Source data

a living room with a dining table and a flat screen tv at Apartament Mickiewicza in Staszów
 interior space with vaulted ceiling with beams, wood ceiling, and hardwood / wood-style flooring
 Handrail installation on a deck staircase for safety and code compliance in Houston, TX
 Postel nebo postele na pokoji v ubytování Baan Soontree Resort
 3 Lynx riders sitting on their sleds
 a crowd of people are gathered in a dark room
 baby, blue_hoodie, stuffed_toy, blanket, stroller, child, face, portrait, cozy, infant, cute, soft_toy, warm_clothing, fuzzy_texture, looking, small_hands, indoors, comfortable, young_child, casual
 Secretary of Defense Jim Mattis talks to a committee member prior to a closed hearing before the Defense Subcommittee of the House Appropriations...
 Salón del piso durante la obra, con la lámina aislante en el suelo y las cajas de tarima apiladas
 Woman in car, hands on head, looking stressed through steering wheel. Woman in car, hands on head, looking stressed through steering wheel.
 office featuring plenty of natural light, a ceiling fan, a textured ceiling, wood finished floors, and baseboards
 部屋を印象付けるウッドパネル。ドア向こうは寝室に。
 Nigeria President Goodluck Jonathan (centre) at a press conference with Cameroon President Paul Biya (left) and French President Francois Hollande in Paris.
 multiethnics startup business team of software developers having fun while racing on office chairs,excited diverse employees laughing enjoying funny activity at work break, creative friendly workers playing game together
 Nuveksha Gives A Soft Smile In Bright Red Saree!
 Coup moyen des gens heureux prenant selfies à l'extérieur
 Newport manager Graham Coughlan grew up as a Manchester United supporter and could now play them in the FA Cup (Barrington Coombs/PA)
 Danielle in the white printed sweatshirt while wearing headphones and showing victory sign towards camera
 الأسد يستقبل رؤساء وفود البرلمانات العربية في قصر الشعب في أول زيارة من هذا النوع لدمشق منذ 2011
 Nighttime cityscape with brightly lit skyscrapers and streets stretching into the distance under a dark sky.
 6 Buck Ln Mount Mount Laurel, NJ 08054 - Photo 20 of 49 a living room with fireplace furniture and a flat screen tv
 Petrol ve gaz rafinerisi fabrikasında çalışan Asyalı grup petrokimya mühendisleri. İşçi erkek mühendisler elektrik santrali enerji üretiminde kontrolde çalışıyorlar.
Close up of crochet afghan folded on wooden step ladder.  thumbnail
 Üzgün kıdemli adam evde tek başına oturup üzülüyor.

**WORK TASK**.
Exactly repeat the lines from the line that contains "Close up of" to the end of the entries, both included, and leave out all other lines.

**RESULT OF THE EXERCISE**.
Close up of crochet afghan folded on wooden step ladder.  thumbnail
 Üzgün kıdemli adam evde tek başına oturup üzülüyor.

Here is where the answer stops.